» Work to be completed: Only the lines below from the one containing "10 Packs Cat" through the one containing "3M Privacy Filter" belong in the answer, set down exactly, with the pictures left out.

★ ★ ★ ★ ★ ★ ★

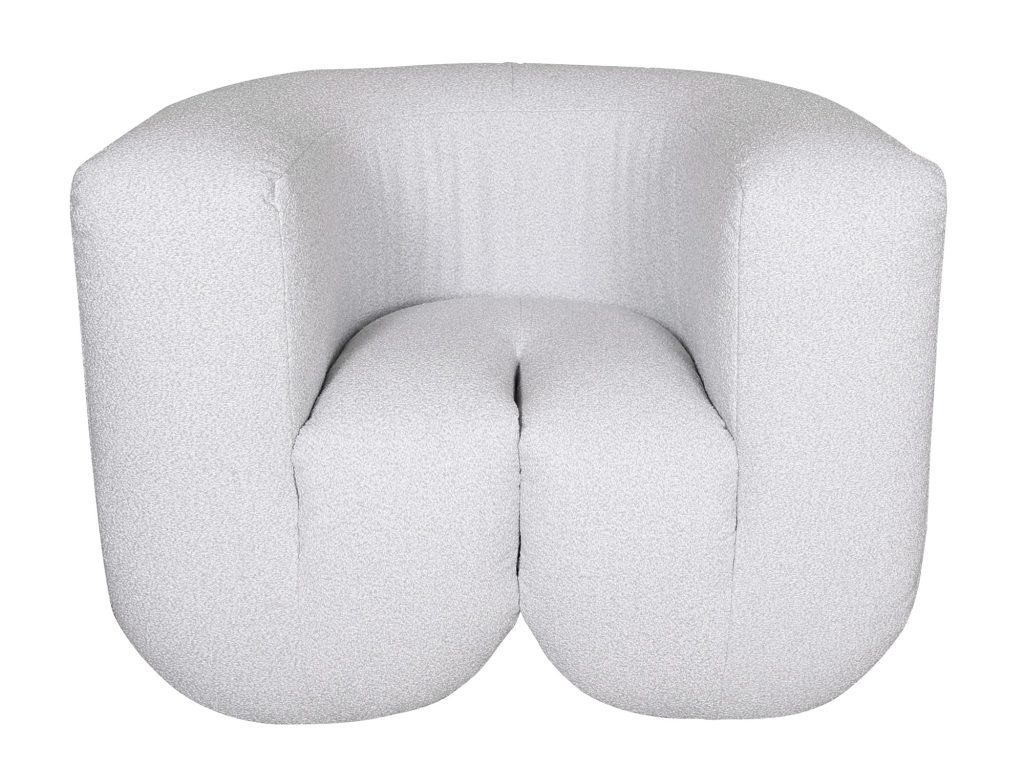 Łukowy Fotel Jasnoszary Szenil – Zenith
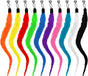 10 Packs Cat Worm Toys, Colorful Worm Cat Toy, Interactive Cats Wand Attachment Toys for Teaser Play and Chase Exercise with Kitten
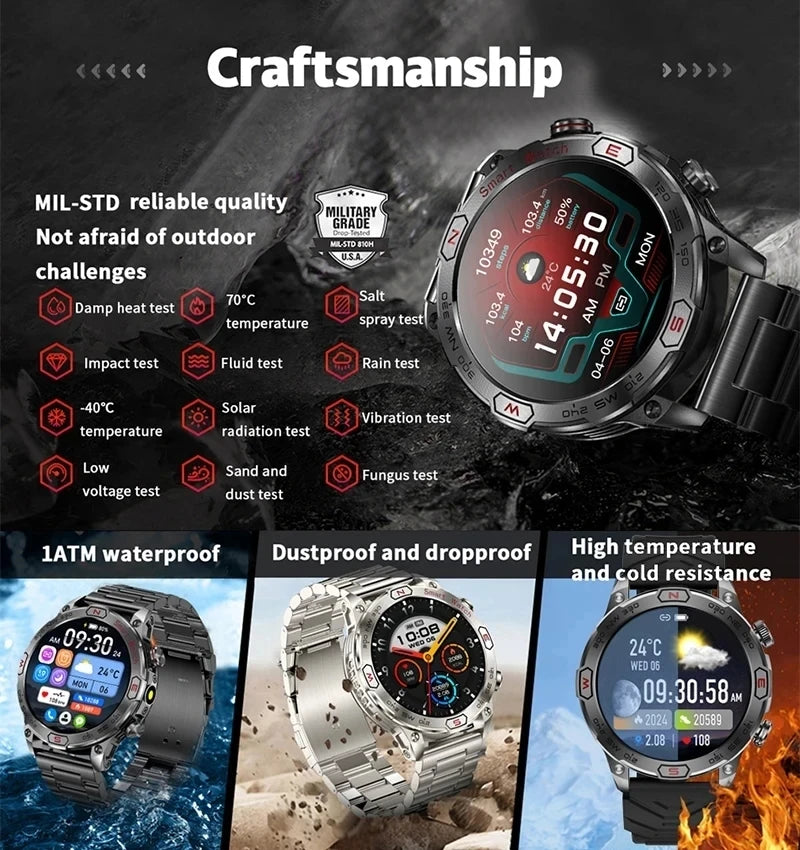 Outdoor Smart Watch With GPS Tracking Watch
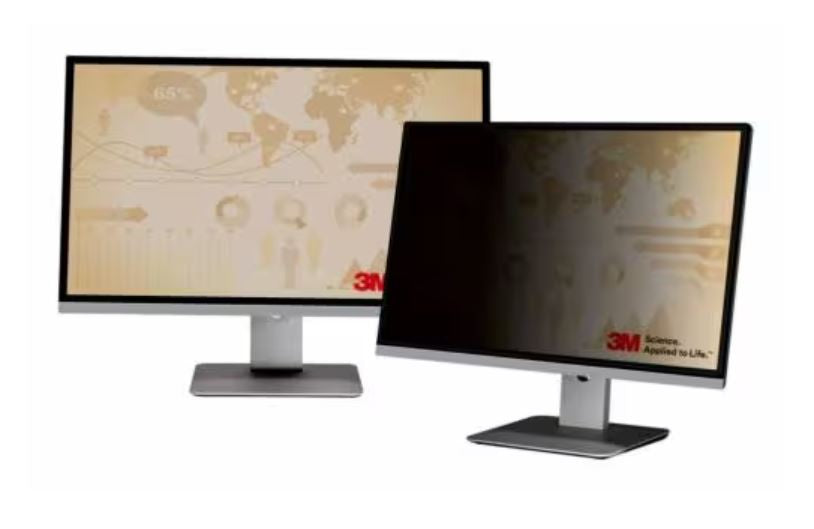 3M Privacy Filter for 27" Monitor with Large Display Attachment and Slide Mounts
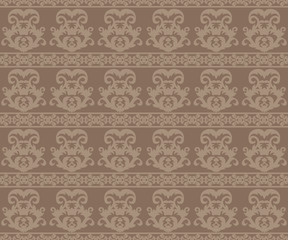 Brown seamless classic pattern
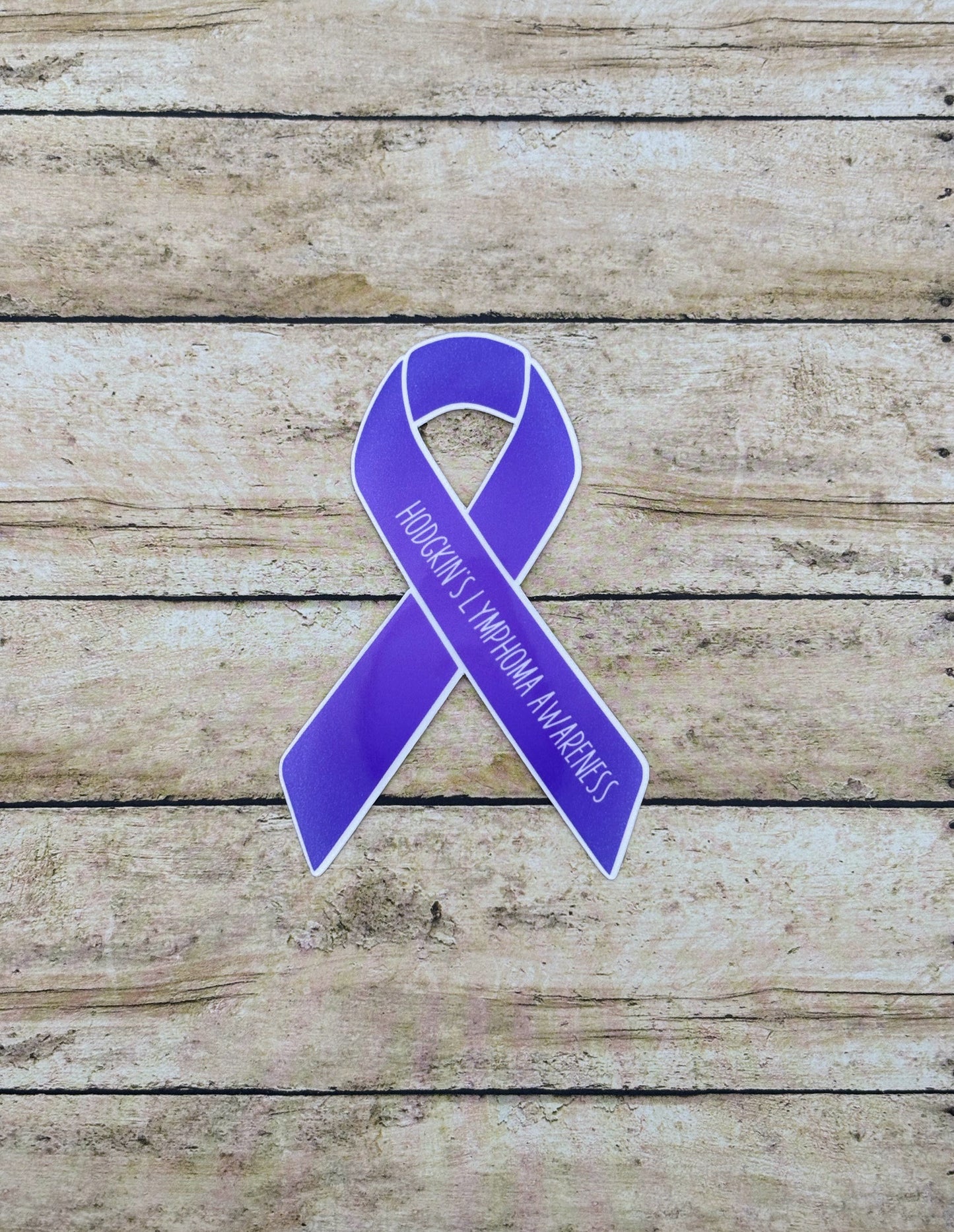 Hodgkin's Lymphoma Awareness Ribbon Sticker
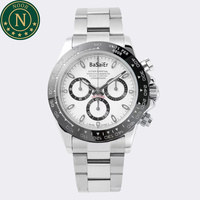 Noob Jam Tangan Mewah Tahan Air Kaca Safir Baja Tahan Karat 904L Gerakan Kronograf 4130 Pabrik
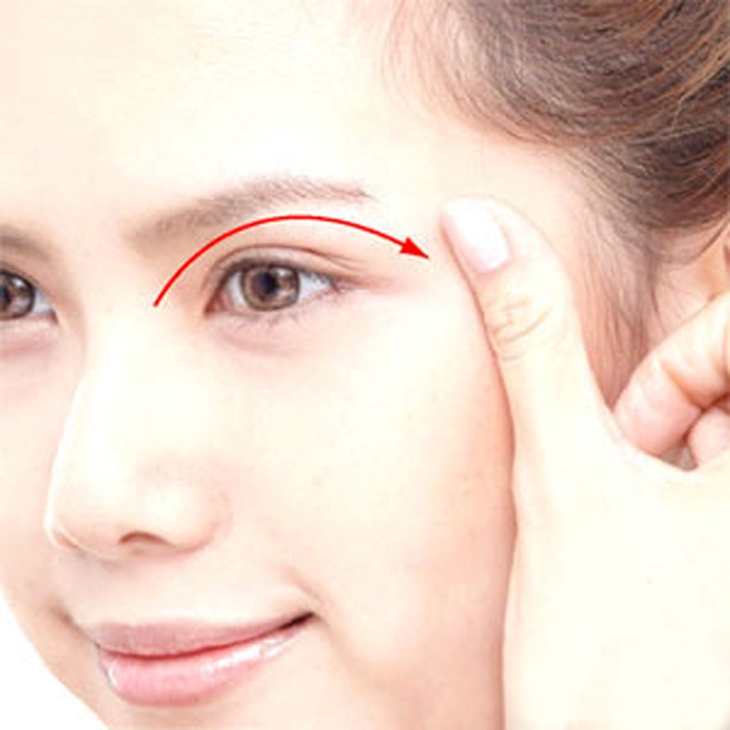 Xoa bóp chữa suy giảm thị lực 2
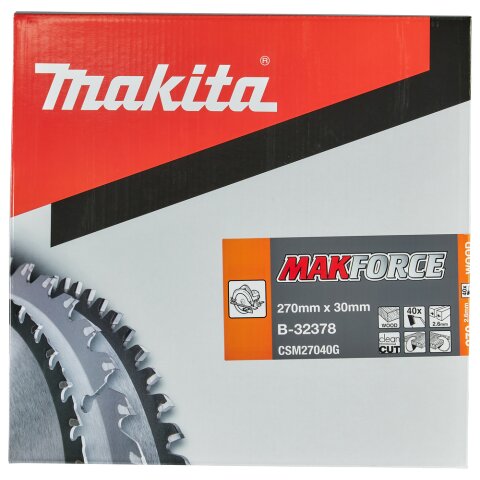 Makita B-32378 MAKFORCE Sägeb. 270x30x40Z EN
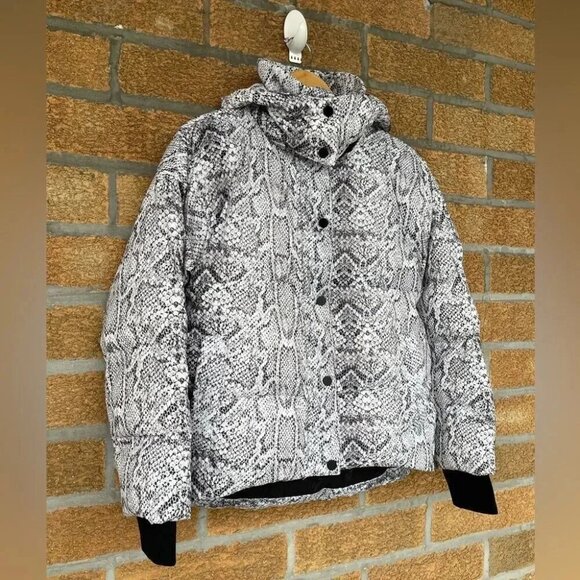 Varley Highland Puff Jacket Contrast Snake XS - Picture 4 of 16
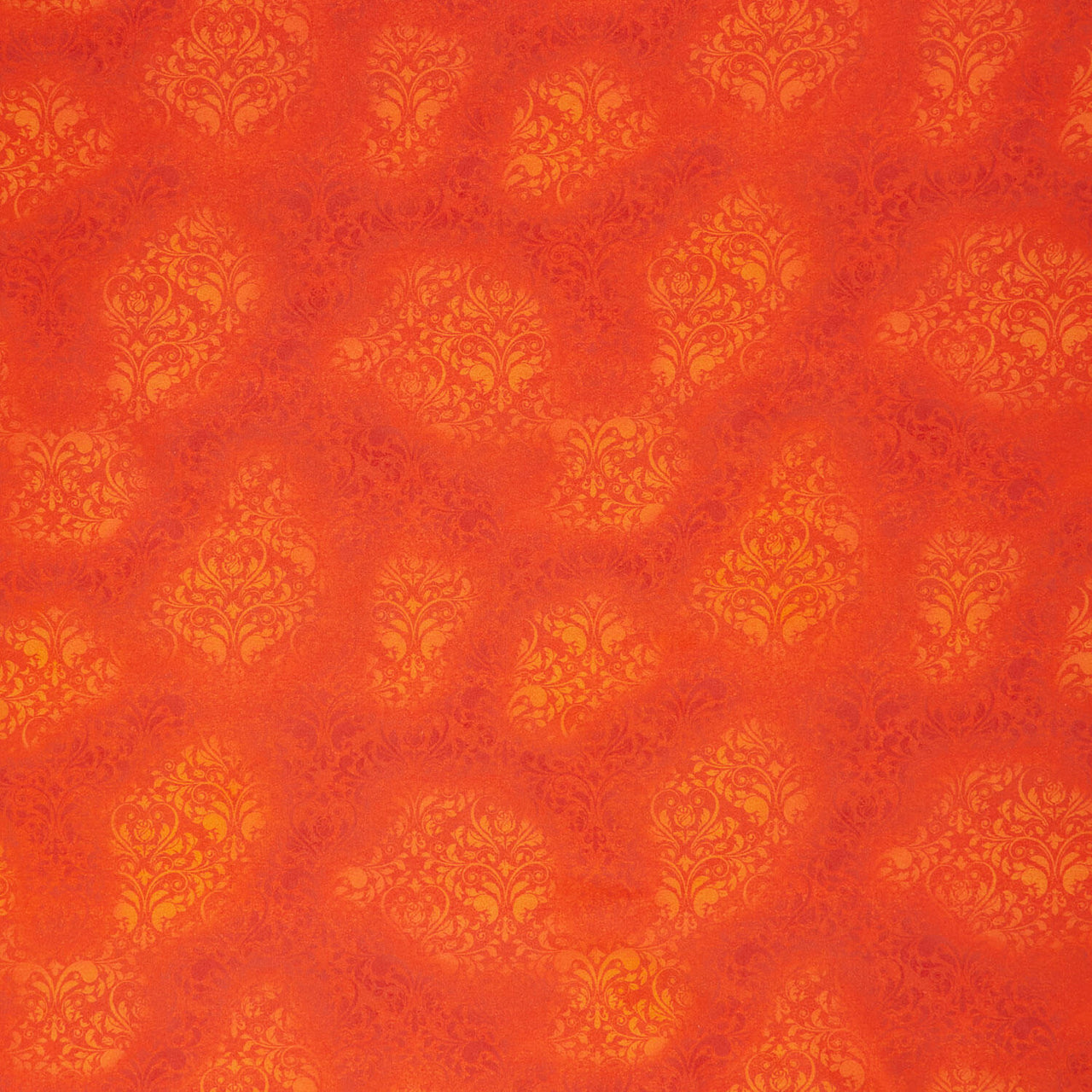 Midnight Hollow - Damask Fiery Yardage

★ ★ ★ ★ ★ ★ ★

» Response:
 10 Packs Cat Worm Toys, Colorful Worm Cat Toy, Interactive Cats Wand Attachment Toys for Teaser Play and Chase Exercise with Kitten
 Outdoor Smart Watch With GPS Tracking Watch
 3M Privacy Filter for 27" Monitor with Large Display Attachment and Slide Mounts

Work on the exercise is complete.